Boston fans become known for tastlessness


Red Auerbach, who hired the NBA's first black coach and fielded its first all-black starting five, defended Boston after Nets coach Byron Scott said the city is unwelcoming to minorities.

Responding to Scott's comments on a New York radio show calling some Boston fans "cruel" and implying they're racist, the longtime Celtics leader said, "What the hell does he know?"

"It's just a stupid remark," Auerbach said Friday. "It's as simple as that.''

Anticipating a return of the animosity from last year's Eastern Conference finals, Scott told WFAN radio earlier in the week that Celtics fans were "very cruel and they can be crazy."

"They've had their share of beers already before the game has started," Scott said. "They're not very good fans. You can have a great tradition and have a great fan without being crazy and hostile."

Scott also revived the complaint that Boston is hostile to black players.

"I don't think we're way past that," he said. "I don't think you are out of line for saying that. A lot of black players feel that way. We did in the 1980s. And I know in the 1980s, at least some of their black players still couldn't go to certain places. And that was their own players.

"Some cities or organizations or whatever you want to say haven't caught up to the year 2000 yet."

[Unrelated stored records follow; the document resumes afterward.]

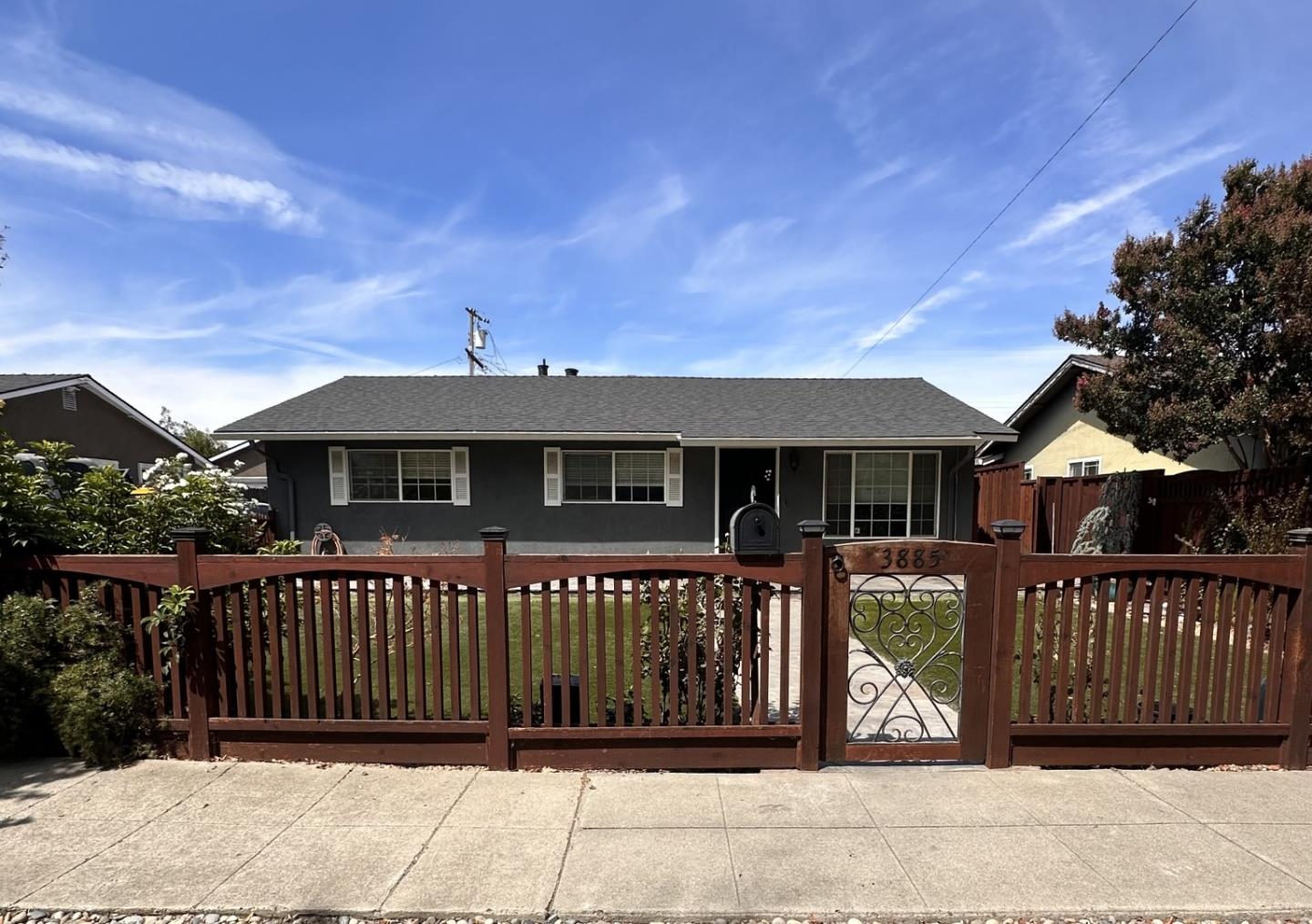 3885 Maui Drive — photo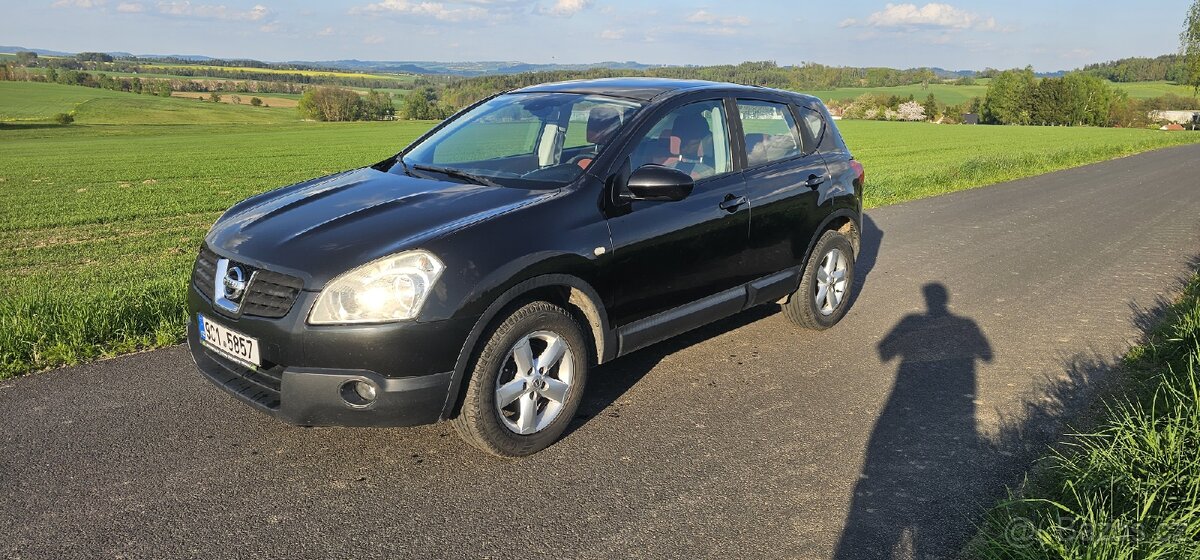 Nissan Qashqai 2.0 DCi 4x4 automat,nová stk, tažné,panorama - 2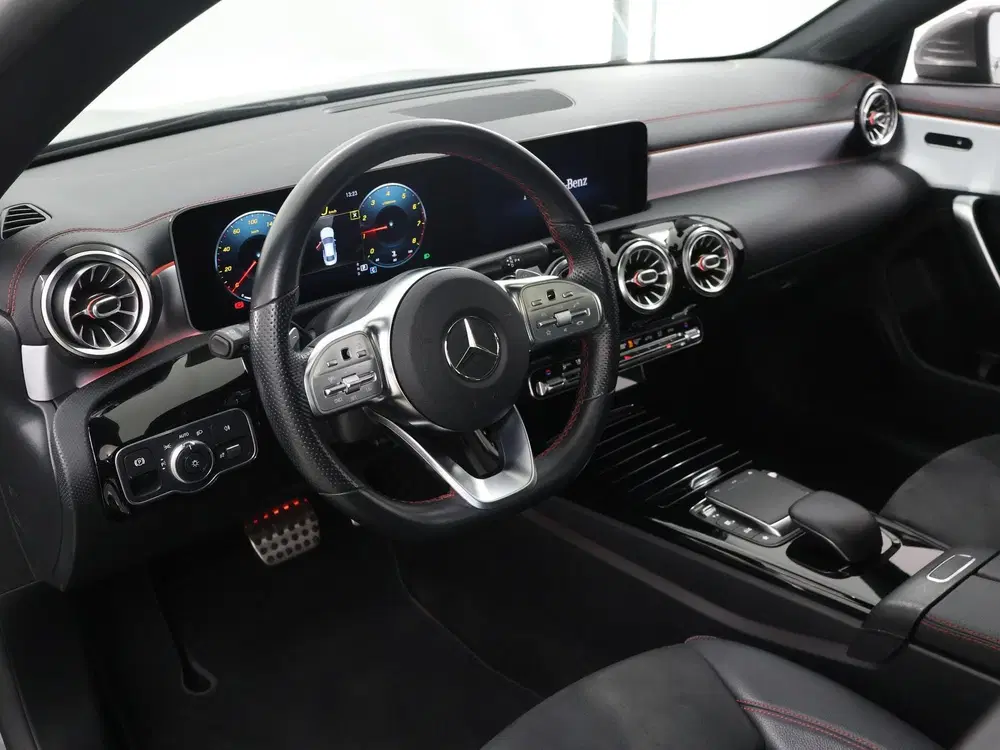 Mercedes-Benz CLA 250 Premium uit 2020, foto 7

Former Celtics such as Bill Russell and Dee Brown did complain during their playing days that Boston was not the most welcoming city.

When he played for Boston in the 1990s, Brown was manhandled by suburban police looking for a bank robber.

"But I don't think any of them were unhappy they played here," Auerbach said. "They were never sorry they played here."

All in bad taste

Although Nets star Jason Kidd was booed in Friday night's game, the crowd booed loudest in the introductions for Scott. Still, there was no sign of the tastelessness prevalent on both sides in last year's playoffs, when Kidd was heckled as a "wife-beater" and a fan in New Jersey held up a sign that said, "Will someone please stab Paul Pierce."

Kidd was charged with striking his wife in 2001; the charges were dropped when Kidd underwent anger counseling and paid a fine.

Pierce was stabbed multiple times in his face, neck and back at a nightclub in 2000.

As he did last year in Game 6, Kidd decided not to bring his wife and their 3-year-old child to the game.